This was a story I wrote today in response to the daily picture prompt on Steemit (I’ve been writing something every day for 242 days and counting)




“You go first,” Saranda touched his shoulder, just gave it a little push. He felt his skin beneath his shirt tingle at her touch. “Go on!” she insisted. Maikel looked out over the bridge. It was a bloody long way to the other side. He looked down. And an even further drop to the valley below.

The light was beginning to fade, the trees – already wearing a thick blanket of mist – were beginning to disappear into the dusk. The bridge was lit by the twinkling light from thousands of Burning Bugs that clung to the sides.

“Is there another way?” of course, he knew the answer.

“If you know the answer why are you wasting my time, with stupid questions?” she said.

He smiled. He still wasn’t sure if he was entirely comfortable with all her abilities but there was a certain thrill about knowing he had to be one hundred percent honest with this woman. It had meant he’d become more honest with himself.
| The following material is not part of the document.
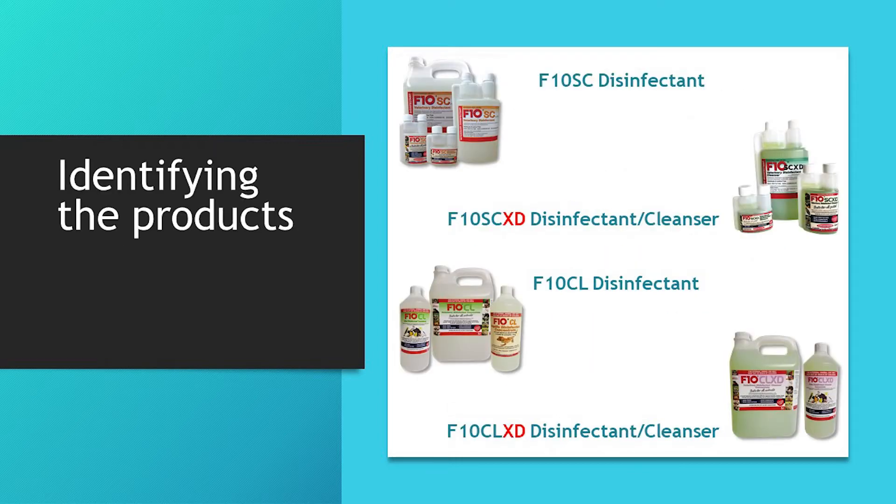The disinfectant cleansers have XD in the product name. The other part of their name is the disinfectant products on which they are based, so F10SCXD is the F10SC disinfectant with extra detergent, and the F10CLXD is the F10CL disinfectant with extra detergent.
“I’m scared,” Maikel said. “Why don’t you go first?”

She laughed.

“I don’t think so.” She reached out and touched him again. “It will be alright. I know we get across this… it’s just important you lead the way.”

He nodded his head.

“Okay,” he pulled the hood over his head, and started to walk. The bridge was as stable as it looked. That is: not very. It swayed with every step he took and he felt it move again when Saranda joined him. It took them a moment before they got into the swing of it – so to speak – they learned to roll with the motion, if they fought against it they fell against the flimsy feeling guide rope.

They were almost halfway across when Maikel heard it coming. At first he wasn’t certain – the wind was whistling past his hood, and whipped his clothing, creating a noise that was hard to describe. But the second time he heard it he was certain. The sound of thick leather wings beating their way fast, high above them.

“Don’t look, keep going!” Saranda said. She wasn’t shouting, but he could hear her voice clearly, despite his hood, the wind and the pounding of his heart. “Don’t run, either. Concentrate on putting one foot in front of another.”

They’ll burn the bridge, Maikel thought. That’s what I would do. If I wanted to stop us. Take the bridge out, kill the runaways. End of problem.

“They won’t destroy the bridge,” Saranda said. “They need the bridge. They want to intimidate us. They are counting on you making a mistake. They think they’ll scare you into doing something foolish.”

Maikel tried to shut the fear from his mind, and when that failed, tried to dampen it. He kept his eyes straight ahead – he couldn’t look down at his feet, and if he looked up… if he saw them. Well, look what happened the last time.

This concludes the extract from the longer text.